Some of the known column-oriented commercial DBMSs are Vertica, Redshift, Sybase IQ, Exasol, Infobright, InfiniDB, MonetDB, LucidDB, SAP HANA, Google Bigtable, and more. Many have been battle-tested on different occasions and have pros and cons to each other. We’re going to look into Clickhouse rather than these known ones.
How vectorized computing is influencing ColumnStores?
The vectorization technique helps analytical calculations work faster with the help of mathematical libraries in code. ColumnStores take advantage of this and make efficient use of computing power by vectorized data processing which helps build faster analytical query engines. The model for vectorized computing fits very well with the columnar representation of the data to write highly optimized query processing algorithms. It also makes efficient utilization of CPU cache by reducing the number of columns used. The key difference is between columns versus rows/tuples have the ability to process n # of records per aggregation operator hence it speeds up the processing block of data instead of each row at a time.

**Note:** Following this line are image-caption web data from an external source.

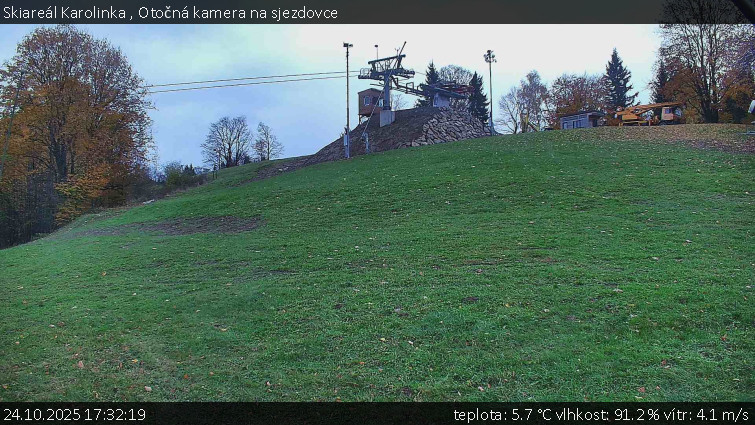 Skiareál Karolinka - Otočná kamera na sjezdovce - 24.10.2025 v 17:32 Skiareál Karolinka - Otočná kamera na sjezdovce - 24.10.2025 v 17:32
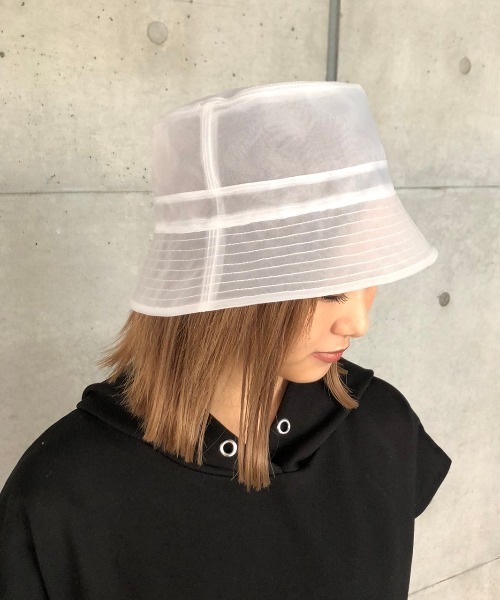 ENVYM（アンビー）の「シアーバケットハット（ハット・レディース・ホワイト/ブラック/ベージュ・FREE）」の4枚目の写真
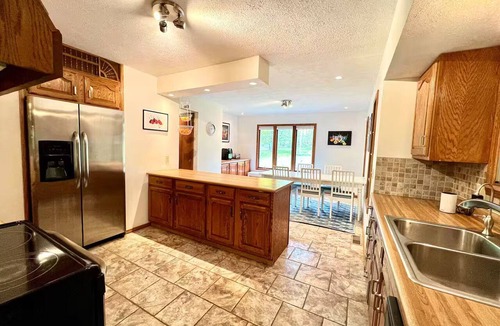 Westford House | Private 13-Acre Retreat - Pond, Kayaks, Fire Pit & Trails. Pet-friendly!
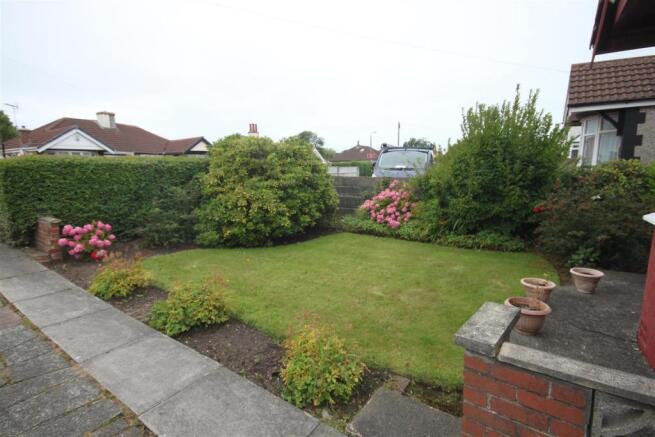 Outside/Front Garden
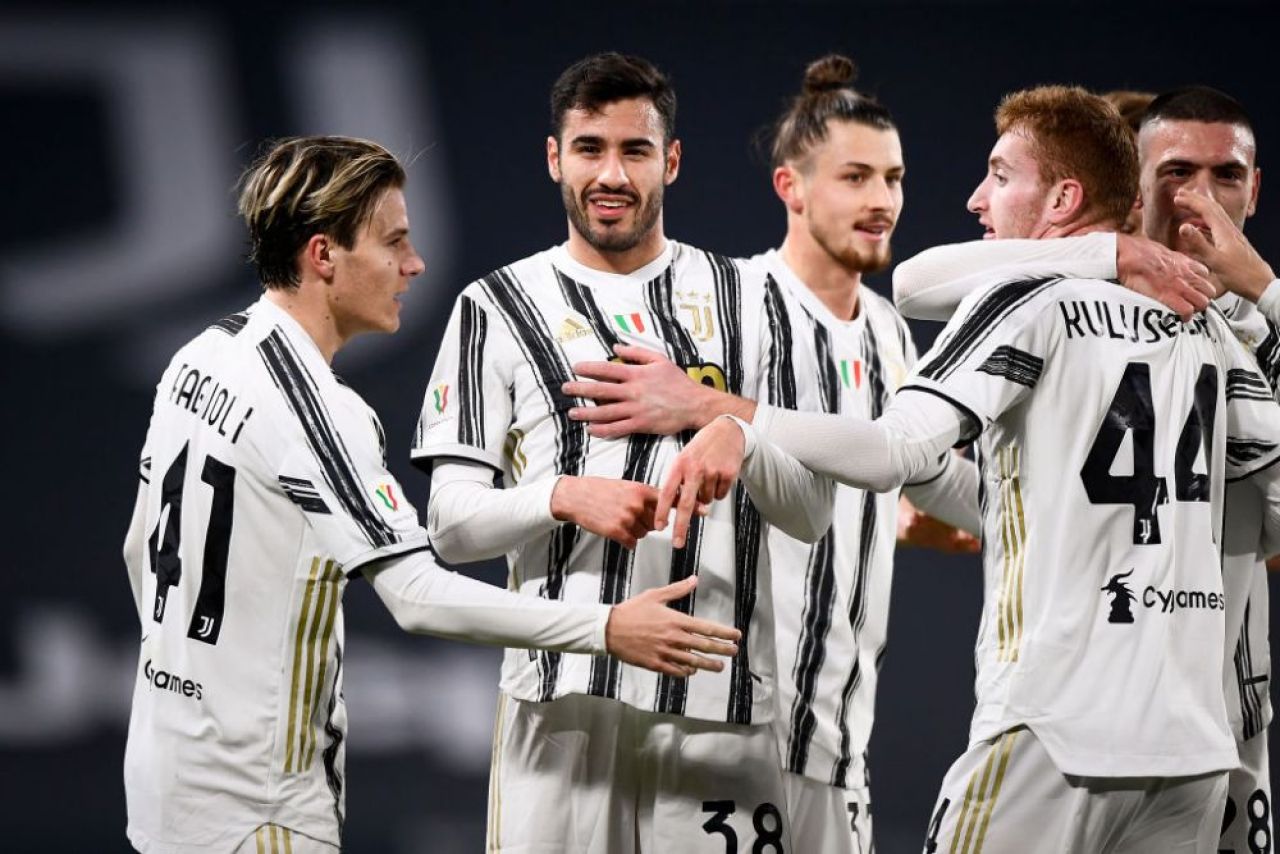 Dupa Tottenham si Newcastle, un alt club din Premier League ar fi interesat de Radu Dragusin!_3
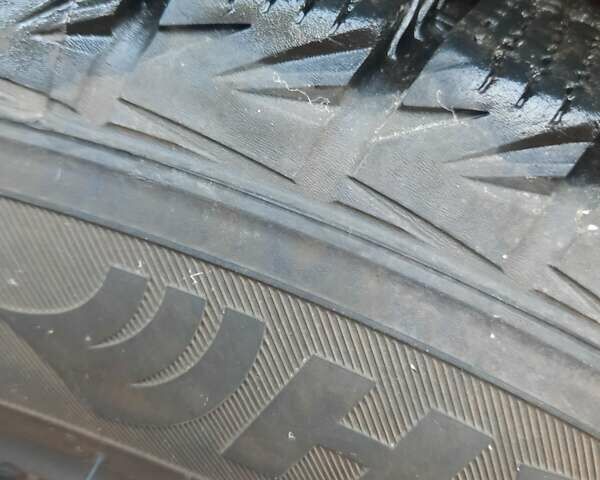 Черный Шкода Октавия, объемом двигателя 1.6 л и пробегом 279 тыс. км за 5200 $, фото 18 на Automoto.ua
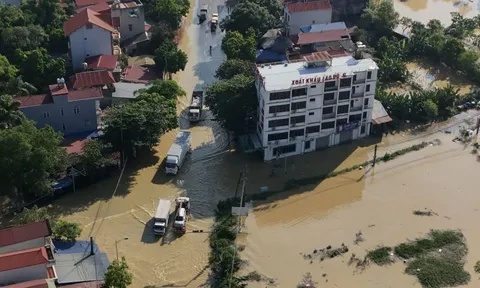 Nhìn từ flycam: Nước sông tràn bờ, quốc lộ ngăn cách, một vùng rộng lớn ở Hà Nội chìm trong biển nước
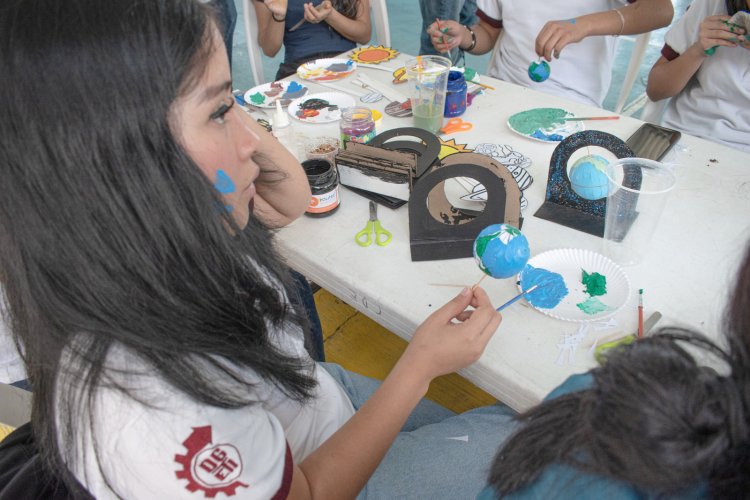 Hay programa para acercar  la ciencia a los estudiantes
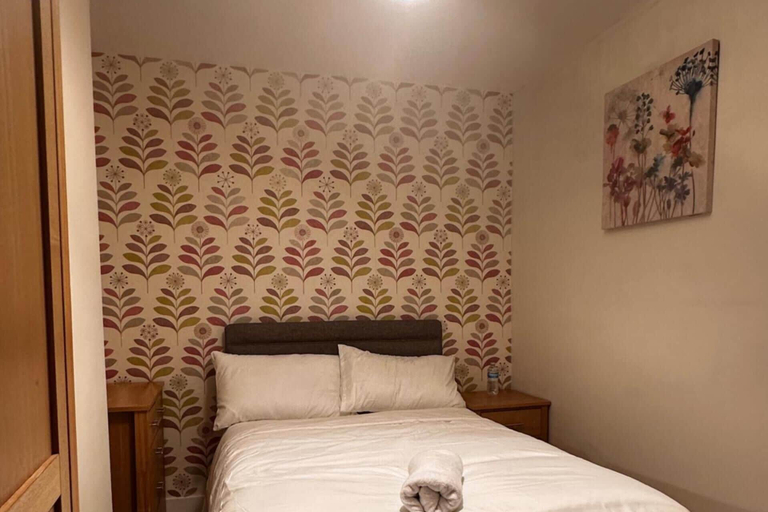 Room 5, Curzon Street Retreat - 4 Beds, Reading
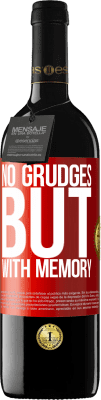 39,95 € 送料無料 | 赤ワイン REDエディション MBE 予約する Grみはありませんが、記憶力があります 赤いタグ. カスタマイズ可能なラベル 予約する 12 月 収穫 2015 Tempranillo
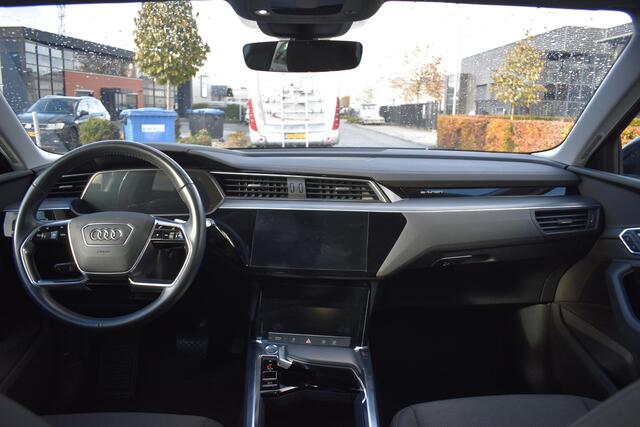 Audi e-tron 50 Quattro BLACK EDITION 71 kWh | 360 Camera | 22" Zomer en Winterbanden | NAVI | Elec. Kofferklep | Digitaal Display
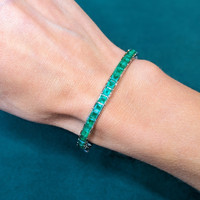 11.87 Ct.Tw. Emerald White Gold Bracelet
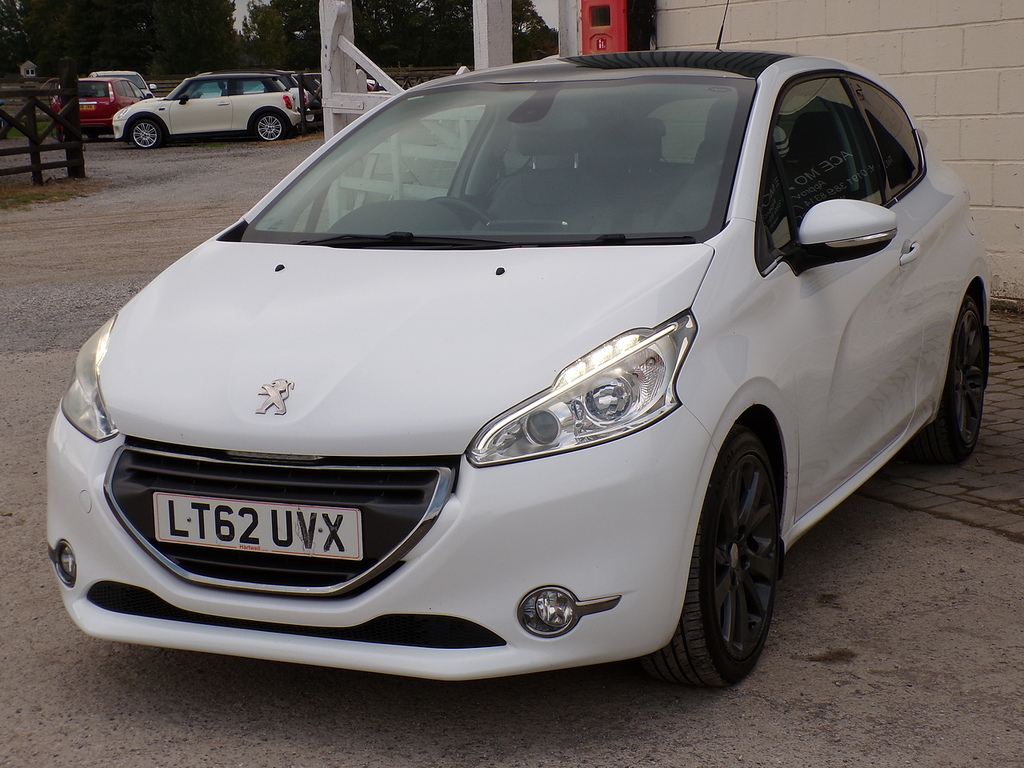 Peugeot e-208 E-hdi Active White #3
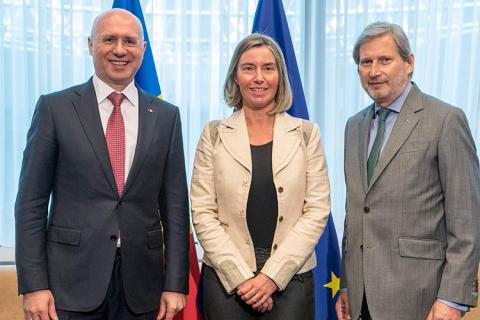 Pavel Filip, Federica Mogherini and Johannes Hahn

What are those success stories that we commonly hear about?
Like many other Open Source projects adoption numbers, data, and details are hard to determine due to the nature of the licensing. Anyone literally can adopt and doesn’t need to publish their use case. Remembering security and compliance requirements hardening every day some will opt out to publish that they even use these technologies to avoid being targeted when a security vulnerability surfaces or for other legal reasons.
The list is long from the use case point of view of various industries. What’s interesting to see is that there are more examples of live data analysis coming than in the original OLAP data warehouses. What I mean by that is AI/ML properties will be satisfied in the Clickhouse ecosystem. The predictive functions of a strong datastore are going to be in huge demand. This is a game-changer while a fast analytical system was a dream a decade ago. Why?, it was costly to operate in a memory (fast) OLAP system and it didn’t scale either. Costly and not scaling is something that the IT industry does not want to hear about in the same sentence.
Here’s a quick list of Clickhouse’s Advantages over traditional systems.
- Excellent compression
- Store data on disk for cost efficiency
- Vector computing
- Real-time data updates based on sort keys
- Rich choice of aggregates
- Data Skipping Indexes with Bloom Filters
- Approximated Calculation
- Built-in Replication and Sharding ecosystem
Clickhouse provides various methods for connectivity to the server. Some of them are here:
- CLI – CH client
- Native TCP
- HTTP Interface
- MySQL Wire Protocol
- Connectors JDBC/ODBC
ClickHouse also does one thing differently from others. Instead of drawing engines to themselves, it integrates popular data sources engines externally. This makes the adoption and orchestration of data much more robust than others.
List of supported integrations:
In conclusion, ClickHouse has eyebrow-raising features for those looking for fast, efficient, and open-source solutions for analytics workloads in data management platforms.